## Data extract
____

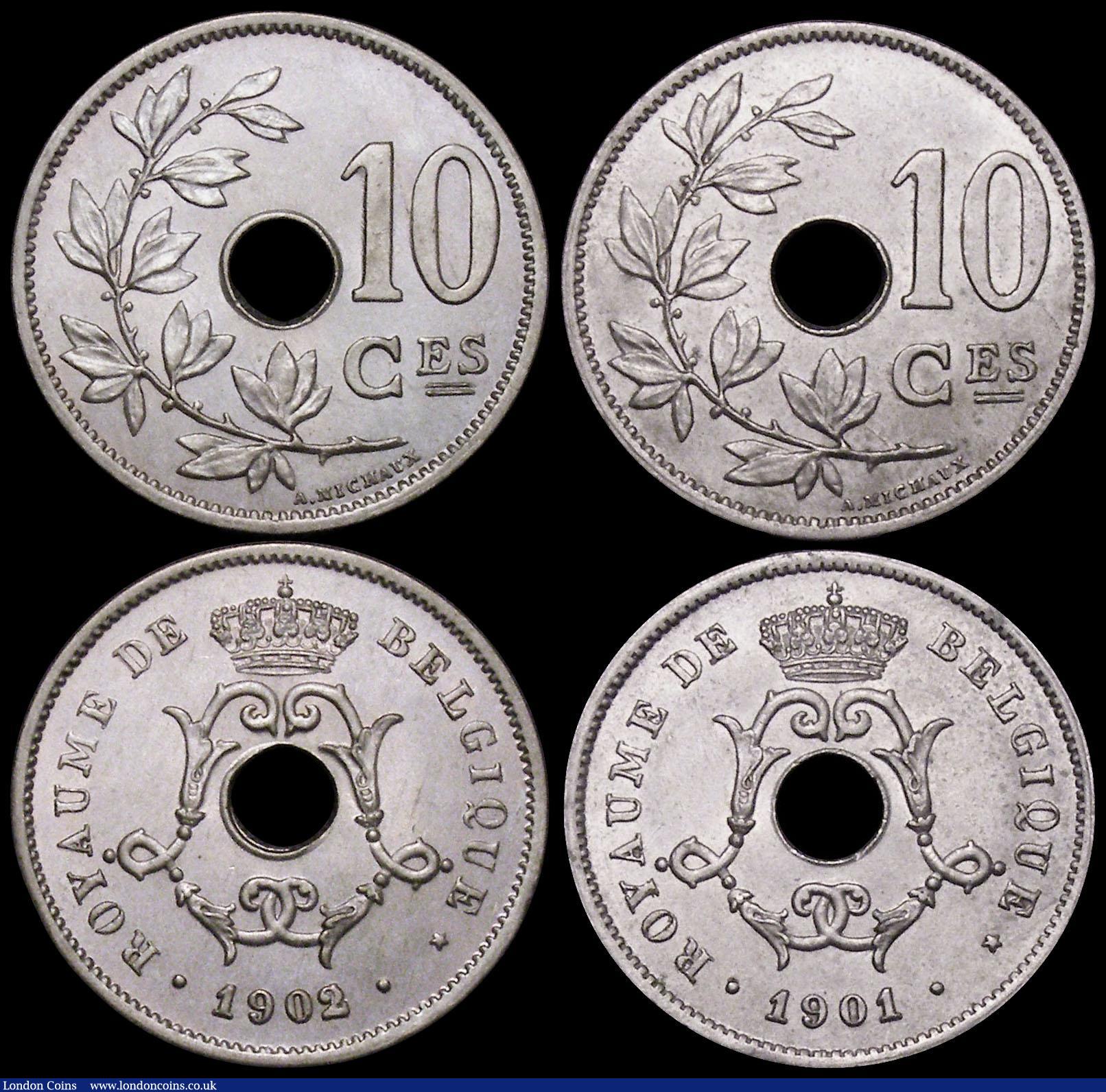 London Coins : A160 : Lot 1025 : Belgium (3) 10 Centimes (2) 1901 French Legend KM#48 UNC, 1902 2 over 1 French Legend Lustrous UNC, ...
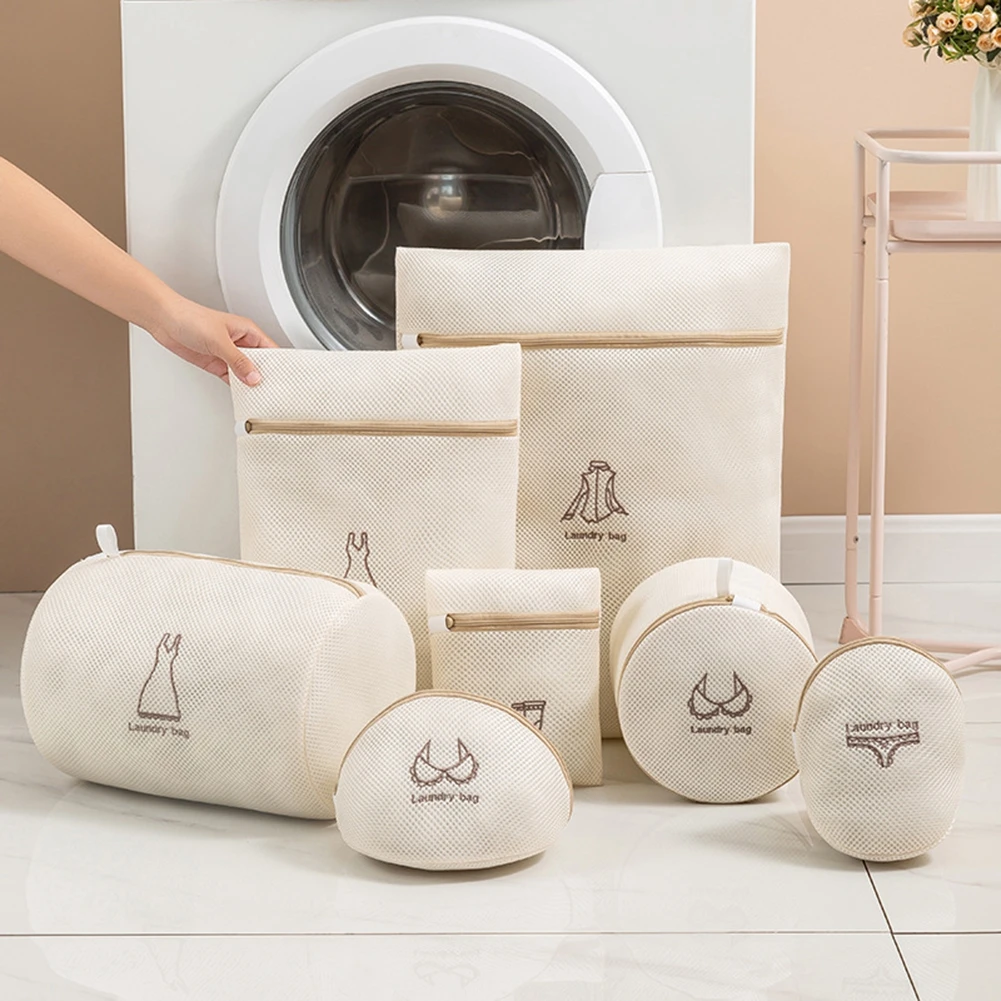 Bolsa de malla para lavander&iacute;a, juego de bolsas de malla para filtro de lavadora, logotipos bordados y limpieza ordenada, 7 unids/set por juego-0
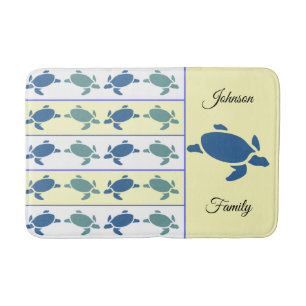 Many Blue Turtles Any Family Name Bath Mat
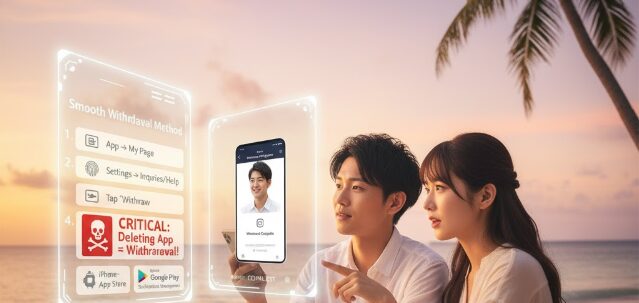 沖縄でペアーズをスムーズに退会する手順を確認する日本人カップル。恋人ができた喜びや、アプリ利用を終える際の簡単な手続きを象徴。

____

## What to produce
Lines before the one containing "Many Blue Turtles Any Family Name Bath Mat" are not wanted; write out that line and every later line through the end of the data above, exactly, without pictures.

## Exercise response
 Many Blue Turtles Any Family Name Bath Mat
 沖縄でペアーズをスムーズに退会する手順を確認する日本人カップル。恋人ができた喜びや、アプリ利用を終える際の簡単な手続きを象徴。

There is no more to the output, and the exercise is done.